Se a perícia confirmar o enquadramento do NR 15 anexo 10, a própria NR-15 indica o percentual de 20% para umidade considerada insalubre por inspeção. Esse adicional pode refletir em outras verbas, a depender do caso (especialmente quando pago de forma habitual), e isso costuma ser um ponto sensível para quem ficou anos “na mesma” sem receber.

Agora, tem um detalhe que protege você: o adicional não existe para “compensar o adoecimento”. A lei prevê que, eliminada ou neutralizada a condição insalubre, o pagamento cessa, o que reforça que a empresa deve mexer no ambiente, na drenagem, no processo, no EPI e na organização do trabalho.

E se você está pensando “mas eu já saí da empresa, será que ainda dá tempo?”, a Constituição traz a regra que muita gente descobre tarde: em geral, é 5 anos de alcance, mas com o limite de 2 anos após o fim do contrato para entrar com ação. Prazos passam rápido quando a vida está corrida, por isso, clareza aqui é uma forma de cuidado.

Por fim: o NR 15 anexo 10 não é para “forçar adicional” onde não existe; e também não é para aceitar qualquer umidade como inevitável. É um instrumento para transformar sensação (o corpo reclamando) em critério objetivo (inspeção, laudo, habitualidade e local encharcado). Quando você entende isso, você para de depender de opinião e começa a depender de prova, e isso costuma trazer um tipo de alívio que o holerite sozinho não dá.

Se você se reconheceu nesse cenário, vale buscar orientação para avaliar o enquadramento correto do NR 15 anexo 10, mapear provas e escolher o melhor caminho, seja para corrigir o ambiente, seja para cobrar o que ficou para trás dentro do prazo.

FAQ — dúvidas reais sobre NR 15 anexo 10

1) NR 15 anexo 10: qualquer trabalho com água gera insalubridade?
Não. O NR 15 anexo 10 exige local alagado ou encharcado e umidade excessiva, verificada por inspeção/laudo.

2) NR 15 anexo 10: qual é o percentual do adicional por umidade?
Quando caracterizada a insalubridade por umidade do NR 15 anexo 10, o quadro da NR-15 indica 20%.
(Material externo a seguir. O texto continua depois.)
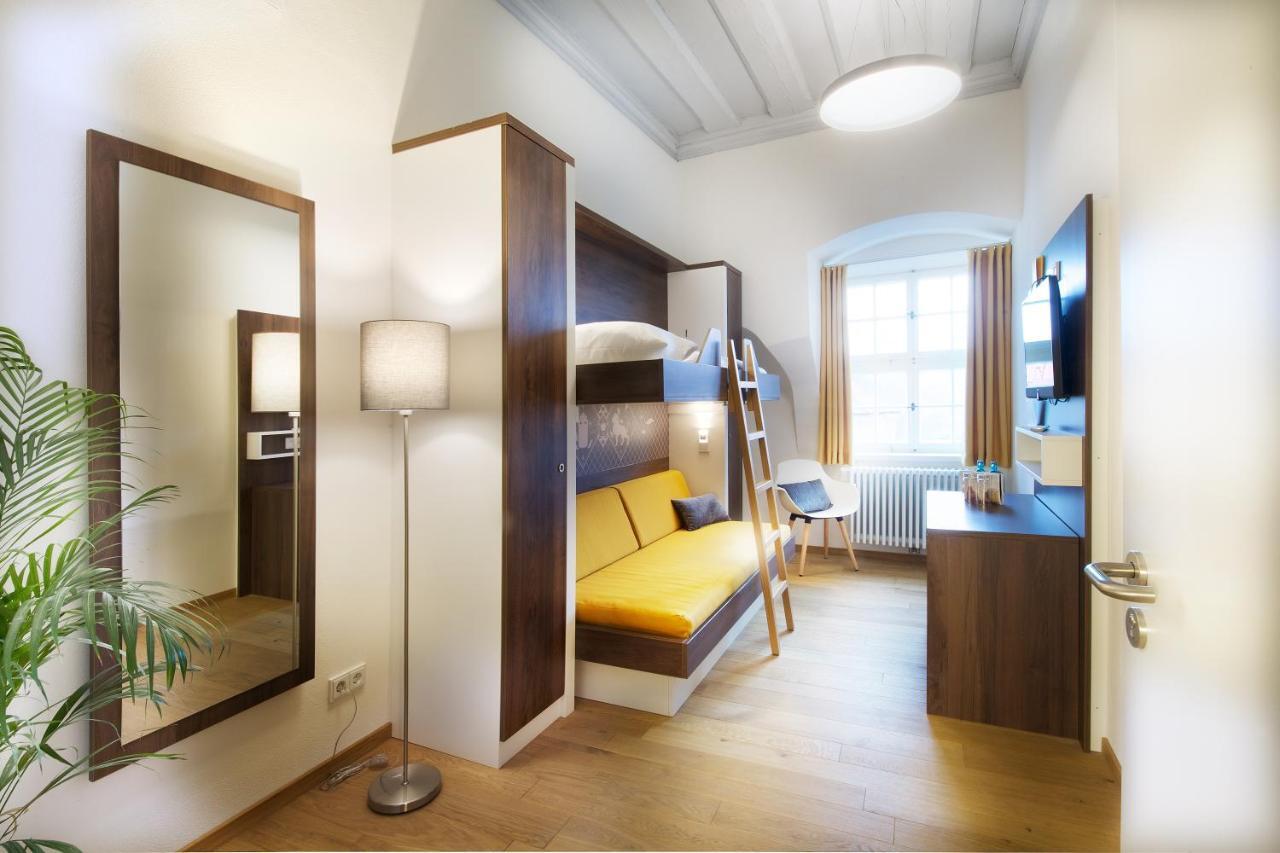 Jufa Hotel Kronach - Festung Rosenberg Екстериор снимка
3) NR 15 anexo 10: precisa de perícia para comprovar?
Em regra, sim. A CLT prevê caracterização por perícia, e a NR-15 aponta inspeção no local para o NR 15 anexo 10.

4) NR 15 anexo 10: limpeza de banheiro dá adicional por umidade?
Nem sempre. Há casos em que a Justiça entendeu que “molhar pano” e limpar não configura o cenário de alagado/encharcado exigido pelo NR 15 anexo 10.
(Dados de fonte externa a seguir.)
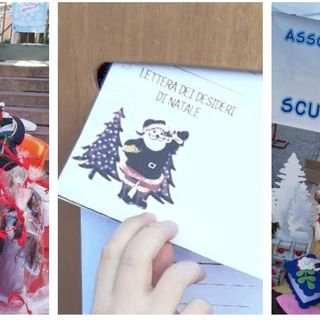 Mercatino e canti degli alunni della scuola Canetta: nel Natale di Sant'Ambrogio brilla una luce in più Mercatino e canti degli alunni della scuola Canetta: nel Natale di Sant'Ambrogio brilla una luce in più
5) NR 15 anexo 10: trabalhar com bota molhada o dia todo conta?
Pode contar, se isso decorrer de ambiente encharcado/alagado e for habitual, com confirmação em laudo/perícia conforme o NR 15 anexo 10.

6) Insalubridade por umidade pode parar de ser paga?
Sim. Se a condição for eliminada/neutralizada (por medidas no ambiente e/ou proteção eficaz), o pagamento pode cessar.

7) Qual o prazo para cobrar adicional de insalubridade atrasado?
Em geral, alcança 5 anos, respeitado o limite de 2 anos após o fim do contrato para ajuizar a ação.